Hi everyone!
<br>
I'm Aditya, this notebook will present analysis related data from <url>https://www.kaggle.com/datasets/mfaisalqureshi/spam-email</url>. For detail explanation, see <url>https://medium.com/@adityaadamf</url>.
<br>
Thank you!

---

# Install and import library

In [None]:
!pip install -q polars pyarrow plotly kaleido imbalanced-learn

In [None]:
import polars as pl
import pandas as pd
import numpy as np
import re, random, os, warnings
warnings.filterwarnings('ignore')
import plotly.express as px
import plotly.io as pio
import plotly.graph_objects as go
from plotly.subplots import make_subplots
from sklearn.preprocessing import LabelEncoder
from imblearn.over_sampling import SMOTE
from collections import Counter
from sklearn.model_selection import train_test_split
from sklearn.metrics import classification_report
import tensorflow as tf
random.seed(0)

In [None]:
pl.Config(fmt_str_lengths=1500)

# Dataset

In [None]:
df = pl.read_csv('/kaggle/input/spam-email/spam.csv')

In [None]:
print('dataset has {} rows and {} columns'.format(df.shape[0], df.shape[1]))

In [None]:
df.head()

# Visualization

Display visualization number of data from each spam label

In [None]:
viz_spam_label = df.group_by('Category').count()
px.pie(viz_spam_label, title='(1) Proportion of Spam Label',
       values='count', names='Category').show(renderer='svg')

See, the result of spam label visualization above. `76.1%` (4360) not spam and `23.9%` (1368) spam, the result indicate imbalance data.

# Preprocessing
Step in this processing, I will:
1. Remove symbol `(such as !@#$%&*...etc)`
<br><br>
<i>for this notebook, I don't use spelling correction and stemming, because for time efficiency</i>

In [None]:
def preprocess(texts):
    # remove symbol
    texts = re.sub(r'[\W_]+',' ',texts)
    return texts

In [None]:
df = df.with_columns(pl.col('Message').map_elements(lambda x: preprocess(x)))

In [None]:
df.head()

# Transformation
In transformation step, I will create vocab and train from existing text data using tensorflow `TextVectorization` and output_mode is `tf_idf`. Then save the transformation model in format `tf`

In [None]:
def transformers(X: list, is_train: bool=True, 
                 paths: dict={'model':'model/transformation', 
                              'vocab':'model/numpy'}, 
                 output: str='tf_idf', save_format: str='tf'):
    if is_train:
        # Create vocabulary data
        vocab_data = tf.data.Dataset.from_tensor_slices( 
            list( np.sort( np.unique(' '.join(X).split()) ) ) 
        )

        # TextVectorization
        tfidf_layer = tf.keras.layers.TextVectorization(
            standardize = 'lower_and_strip_punctuation',
            split = 'whitespace',
            max_tokens = len(vocab_data),
            output_mode = output
        )
        tfidf_layer.adapt(vocab_data.batch(64))
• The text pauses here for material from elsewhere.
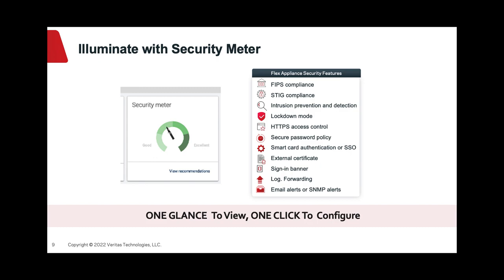Hope this demo helps you to protect your backup data. And remember, one glance to view, one click to configure.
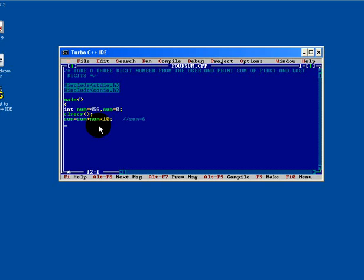Next is sum equals to sum plus num divided by hundred. You will get sum equal to 10.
        # Save the vocabulary in numpy save compressed
        vocab_list = tfidf_layer.get_vocabulary()
        if not os.path.exists(paths['vocab']):
            os.makedirs(paths['vocab'])
        np.savez_compressed(paths['vocab']+'/vocab.npz', vocab=vocab_list)
        
        # Create transformation model
        model = tf.keras.models.Sequential()
        model.add(tf.keras.Input(shape=(1,), dtype=tf.string))
        model.add(tfidf_layer)
        
        # Save transformer model
        model.save(paths['model'])
        
        # Predict
        X_pred = model.predict(X, verbose=0)
    else:
        vocab_list = np.load(paths['vocab']+'/vocab.npz')['vocab']
        model = tf.keras.models.load_model(paths['model'], compile=False)
        
        X_pred = model.predict(X, verbose=0)
        
    return X_pred, vocab_list

In [None]:
X, vocab_list = transformers(df['Message'].to_list())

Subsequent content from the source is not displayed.